* Exercise prompt: Using the listing below, print exactly everything from the line with "Hotel Eagle Tirana Eksteriør billede" down to the line with "O governador Carlos", both included, and nothing more.

-------

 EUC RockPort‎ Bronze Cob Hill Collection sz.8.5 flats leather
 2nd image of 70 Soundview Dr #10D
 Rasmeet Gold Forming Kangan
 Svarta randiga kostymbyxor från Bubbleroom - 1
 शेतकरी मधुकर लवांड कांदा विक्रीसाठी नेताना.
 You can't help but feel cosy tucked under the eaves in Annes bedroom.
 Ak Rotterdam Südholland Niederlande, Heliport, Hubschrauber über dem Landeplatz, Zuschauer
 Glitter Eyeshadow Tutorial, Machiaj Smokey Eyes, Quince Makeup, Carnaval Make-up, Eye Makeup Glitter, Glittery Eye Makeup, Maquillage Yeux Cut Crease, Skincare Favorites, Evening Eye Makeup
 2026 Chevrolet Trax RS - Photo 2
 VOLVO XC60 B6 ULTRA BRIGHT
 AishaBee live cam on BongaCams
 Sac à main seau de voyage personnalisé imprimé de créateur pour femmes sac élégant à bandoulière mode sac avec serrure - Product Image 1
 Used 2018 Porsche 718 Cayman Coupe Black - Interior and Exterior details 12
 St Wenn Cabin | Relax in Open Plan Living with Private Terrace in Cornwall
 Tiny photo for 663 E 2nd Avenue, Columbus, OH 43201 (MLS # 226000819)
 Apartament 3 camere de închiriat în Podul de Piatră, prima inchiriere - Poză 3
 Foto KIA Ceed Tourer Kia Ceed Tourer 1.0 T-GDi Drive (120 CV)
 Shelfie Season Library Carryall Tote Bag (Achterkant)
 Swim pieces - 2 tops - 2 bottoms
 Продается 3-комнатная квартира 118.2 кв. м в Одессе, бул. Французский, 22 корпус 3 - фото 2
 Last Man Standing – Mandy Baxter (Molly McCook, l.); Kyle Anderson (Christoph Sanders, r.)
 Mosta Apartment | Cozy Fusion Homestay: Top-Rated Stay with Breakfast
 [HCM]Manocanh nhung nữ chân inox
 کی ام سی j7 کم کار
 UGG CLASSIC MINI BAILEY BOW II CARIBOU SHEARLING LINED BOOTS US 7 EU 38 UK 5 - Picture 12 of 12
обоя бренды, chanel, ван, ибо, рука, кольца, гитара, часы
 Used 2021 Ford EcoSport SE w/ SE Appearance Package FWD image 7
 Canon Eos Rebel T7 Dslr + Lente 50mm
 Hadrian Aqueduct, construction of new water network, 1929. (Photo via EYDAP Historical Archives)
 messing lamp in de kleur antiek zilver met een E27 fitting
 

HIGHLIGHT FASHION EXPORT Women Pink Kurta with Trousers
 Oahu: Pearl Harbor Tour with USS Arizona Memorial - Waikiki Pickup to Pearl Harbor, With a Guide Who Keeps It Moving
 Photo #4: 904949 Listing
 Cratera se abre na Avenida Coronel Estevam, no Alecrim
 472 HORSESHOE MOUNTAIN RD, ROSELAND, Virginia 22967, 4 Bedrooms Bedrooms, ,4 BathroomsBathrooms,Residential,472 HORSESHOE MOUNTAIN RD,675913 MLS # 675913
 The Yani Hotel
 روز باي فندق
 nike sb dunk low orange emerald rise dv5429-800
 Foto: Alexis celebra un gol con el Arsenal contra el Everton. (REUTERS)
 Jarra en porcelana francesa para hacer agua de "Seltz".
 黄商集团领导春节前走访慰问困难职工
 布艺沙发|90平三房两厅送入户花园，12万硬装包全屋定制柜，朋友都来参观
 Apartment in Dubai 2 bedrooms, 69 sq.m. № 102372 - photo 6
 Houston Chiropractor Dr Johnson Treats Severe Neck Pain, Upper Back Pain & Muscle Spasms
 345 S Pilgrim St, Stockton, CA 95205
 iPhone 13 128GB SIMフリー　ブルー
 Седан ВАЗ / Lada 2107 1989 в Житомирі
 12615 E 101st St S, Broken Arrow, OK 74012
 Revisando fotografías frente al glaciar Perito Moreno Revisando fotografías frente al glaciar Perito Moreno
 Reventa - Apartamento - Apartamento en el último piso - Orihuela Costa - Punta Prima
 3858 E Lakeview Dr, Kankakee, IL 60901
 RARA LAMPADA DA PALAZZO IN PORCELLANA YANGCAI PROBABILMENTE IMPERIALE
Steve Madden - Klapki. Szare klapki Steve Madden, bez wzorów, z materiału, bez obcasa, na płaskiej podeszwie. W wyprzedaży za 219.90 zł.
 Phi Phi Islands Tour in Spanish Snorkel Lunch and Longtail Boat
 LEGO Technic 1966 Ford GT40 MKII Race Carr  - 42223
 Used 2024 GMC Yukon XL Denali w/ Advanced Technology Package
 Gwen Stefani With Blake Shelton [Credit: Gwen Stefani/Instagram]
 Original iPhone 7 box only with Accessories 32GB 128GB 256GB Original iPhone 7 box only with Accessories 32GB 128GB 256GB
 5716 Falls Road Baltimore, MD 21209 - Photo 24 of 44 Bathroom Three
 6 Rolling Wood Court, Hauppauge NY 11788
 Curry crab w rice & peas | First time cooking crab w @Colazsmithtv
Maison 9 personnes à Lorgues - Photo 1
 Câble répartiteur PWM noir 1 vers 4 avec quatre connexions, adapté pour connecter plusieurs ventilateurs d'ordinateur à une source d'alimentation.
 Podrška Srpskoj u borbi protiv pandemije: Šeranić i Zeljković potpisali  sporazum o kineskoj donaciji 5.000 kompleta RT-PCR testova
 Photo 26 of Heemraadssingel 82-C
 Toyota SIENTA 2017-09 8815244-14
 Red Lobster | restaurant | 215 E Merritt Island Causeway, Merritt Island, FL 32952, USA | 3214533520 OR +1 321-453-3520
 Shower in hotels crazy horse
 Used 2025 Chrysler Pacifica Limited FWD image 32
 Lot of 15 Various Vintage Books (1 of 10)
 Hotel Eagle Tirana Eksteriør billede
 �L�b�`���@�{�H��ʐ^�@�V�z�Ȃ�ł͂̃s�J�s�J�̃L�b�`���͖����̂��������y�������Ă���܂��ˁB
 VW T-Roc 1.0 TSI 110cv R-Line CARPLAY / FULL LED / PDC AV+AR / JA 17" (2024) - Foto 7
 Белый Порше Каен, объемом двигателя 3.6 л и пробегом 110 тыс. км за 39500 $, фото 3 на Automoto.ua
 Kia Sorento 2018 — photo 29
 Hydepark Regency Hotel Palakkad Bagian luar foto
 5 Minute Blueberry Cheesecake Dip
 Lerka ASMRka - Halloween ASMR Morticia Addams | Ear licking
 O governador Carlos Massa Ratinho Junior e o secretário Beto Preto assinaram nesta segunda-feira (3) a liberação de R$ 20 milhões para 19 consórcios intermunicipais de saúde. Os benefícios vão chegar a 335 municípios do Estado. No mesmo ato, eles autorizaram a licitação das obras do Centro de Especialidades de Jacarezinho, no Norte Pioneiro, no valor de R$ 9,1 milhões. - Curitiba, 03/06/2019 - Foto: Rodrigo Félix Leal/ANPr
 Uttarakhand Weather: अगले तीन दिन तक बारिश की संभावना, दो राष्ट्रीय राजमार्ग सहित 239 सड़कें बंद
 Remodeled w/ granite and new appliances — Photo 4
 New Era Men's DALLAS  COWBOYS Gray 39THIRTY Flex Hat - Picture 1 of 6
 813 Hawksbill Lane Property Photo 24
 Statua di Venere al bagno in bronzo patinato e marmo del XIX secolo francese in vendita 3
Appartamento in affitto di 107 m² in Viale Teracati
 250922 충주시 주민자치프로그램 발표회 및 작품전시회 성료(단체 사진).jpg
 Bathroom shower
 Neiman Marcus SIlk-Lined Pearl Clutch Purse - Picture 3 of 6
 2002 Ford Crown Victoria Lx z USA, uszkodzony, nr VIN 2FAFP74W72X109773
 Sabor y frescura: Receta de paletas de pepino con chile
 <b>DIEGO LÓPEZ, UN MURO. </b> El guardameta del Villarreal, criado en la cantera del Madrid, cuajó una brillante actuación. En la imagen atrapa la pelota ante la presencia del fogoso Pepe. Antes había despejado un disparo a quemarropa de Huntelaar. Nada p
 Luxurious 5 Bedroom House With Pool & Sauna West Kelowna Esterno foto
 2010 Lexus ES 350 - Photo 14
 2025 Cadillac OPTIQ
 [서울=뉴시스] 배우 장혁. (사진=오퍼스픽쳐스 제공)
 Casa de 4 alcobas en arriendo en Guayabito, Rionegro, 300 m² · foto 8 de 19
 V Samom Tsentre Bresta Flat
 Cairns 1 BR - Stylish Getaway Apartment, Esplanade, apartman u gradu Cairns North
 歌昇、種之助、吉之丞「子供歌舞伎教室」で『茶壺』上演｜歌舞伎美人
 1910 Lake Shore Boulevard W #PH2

-------

* Answer area:
 Hotel Eagle Tirana Eksteriør billede
 �L�b�`���@�{�H��ʐ^�@�V�z�Ȃ�ł͂̃s�J�s�J�̃L�b�`���͖����̂��������y�������Ă���܂��ˁB
 VW T-Roc 1.0 TSI 110cv R-Line CARPLAY / FULL LED / PDC AV+AR / JA 17" (2024) - Foto 7
 Белый Порше Каен, объемом двигателя 3.6 л и пробегом 110 тыс. км за 39500 $, фото 3 на Automoto.ua
 Kia Sorento 2018 — photo 29
 Hydepark Regency Hotel Palakkad Bagian luar foto
 5 Minute Blueberry Cheesecake Dip
 Lerka ASMRka - Halloween ASMR Morticia Addams | Ear licking
 O governador Carlos Massa Ratinho Junior e o secretário Beto Preto assinaram nesta segunda-feira (3) a liberação de R$ 20 milhões para 19 consórcios intermunicipais de saúde. Os benefícios vão chegar a 335 municípios do Estado. No mesmo ato, eles autorizaram a licitação das obras do Centro de Especialidades de Jacarezinho, no Norte Pioneiro, no valor de R$ 9,1 milhões. - Curitiba, 03/06/2019 - Foto: Rodrigo Félix Leal/ANPr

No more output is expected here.